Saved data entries
########################################

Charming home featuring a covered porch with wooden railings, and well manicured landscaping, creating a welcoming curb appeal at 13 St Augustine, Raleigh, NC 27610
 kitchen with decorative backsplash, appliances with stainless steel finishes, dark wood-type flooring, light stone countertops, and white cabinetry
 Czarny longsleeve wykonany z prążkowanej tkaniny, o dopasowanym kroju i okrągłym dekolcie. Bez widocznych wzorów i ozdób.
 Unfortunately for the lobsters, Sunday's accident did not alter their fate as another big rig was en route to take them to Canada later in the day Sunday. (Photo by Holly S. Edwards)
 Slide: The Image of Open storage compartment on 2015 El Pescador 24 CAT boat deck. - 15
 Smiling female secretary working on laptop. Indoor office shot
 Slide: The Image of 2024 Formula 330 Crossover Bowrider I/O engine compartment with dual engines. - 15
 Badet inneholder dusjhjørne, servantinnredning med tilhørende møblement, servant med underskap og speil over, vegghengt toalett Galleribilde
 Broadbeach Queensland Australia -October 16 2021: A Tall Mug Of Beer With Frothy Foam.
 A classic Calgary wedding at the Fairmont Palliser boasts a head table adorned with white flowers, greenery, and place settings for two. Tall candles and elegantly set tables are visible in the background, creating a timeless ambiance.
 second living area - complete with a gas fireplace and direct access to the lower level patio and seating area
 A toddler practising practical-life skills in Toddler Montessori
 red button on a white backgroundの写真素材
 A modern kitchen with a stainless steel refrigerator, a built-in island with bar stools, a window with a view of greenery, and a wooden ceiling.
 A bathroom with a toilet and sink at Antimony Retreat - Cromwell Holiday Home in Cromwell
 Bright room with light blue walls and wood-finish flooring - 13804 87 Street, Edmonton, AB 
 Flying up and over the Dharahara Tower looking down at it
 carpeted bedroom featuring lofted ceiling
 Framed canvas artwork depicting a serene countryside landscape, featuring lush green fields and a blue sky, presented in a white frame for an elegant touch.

########################################

TASK STATEMENT
Return every record above exactly as it appears.

RESULT FOR THIS EXERCISE
Charming home featuring a covered porch with wooden railings, and well manicured landscaping, creating a welcoming curb appeal at 13 St Augustine, Raleigh, NC 27610
 kitchen with decorative backsplash, appliances with stainless steel finishes, dark wood-type flooring, light stone countertops, and white cabinetry
 Czarny longsleeve wykonany z prążkowanej tkaniny, o dopasowanym kroju i okrągłym dekolcie. Bez widocznych wzorów i ozdób.
 Unfortunately for the lobsters, Sunday's accident did not alter their fate as another big rig was en route to take them to Canada later in the day Sunday. (Photo by Holly S. Edwards)
 Slide: The Image of Open storage compartment on 2015 El Pescador 24 CAT boat deck. - 15
 Smiling female secretary working on laptop. Indoor office shot
 Slide: The Image of 2024 Formula 330 Crossover Bowrider I/O engine compartment with dual engines. - 15
 Badet inneholder dusjhjørne, servantinnredning med tilhørende møblement, servant med underskap og speil over, vegghengt toalett Galleribilde
 Broadbeach Queensland Australia -October 16 2021: A Tall Mug Of Beer With Frothy Foam.
 A classic Calgary wedding at the Fairmont Palliser boasts a head table adorned with white flowers, greenery, and place settings for two. Tall candles and elegantly set tables are visible in the background, creating a timeless ambiance.
 second living area - complete with a gas fireplace and direct access to the lower level patio and seating area
 A toddler practising practical-life skills in Toddler Montessori
 red button on a white backgroundの写真素材
 A modern kitchen with a stainless steel refrigerator, a built-in island with bar stools, a window with a view of greenery, and a wooden ceiling.
 A bathroom with a toilet and sink at Antimony Retreat - Cromwell Holiday Home in Cromwell
 Bright room with light blue walls and wood-finish flooring - 13804 87 Street, Edmonton, AB 
 Flying up and over the Dharahara Tower looking down at it
 carpeted bedroom featuring lofted ceiling
 Framed canvas artwork depicting a serene countryside landscape, featuring lush green fields and a blue sky, presented in a white frame for an elegant touch.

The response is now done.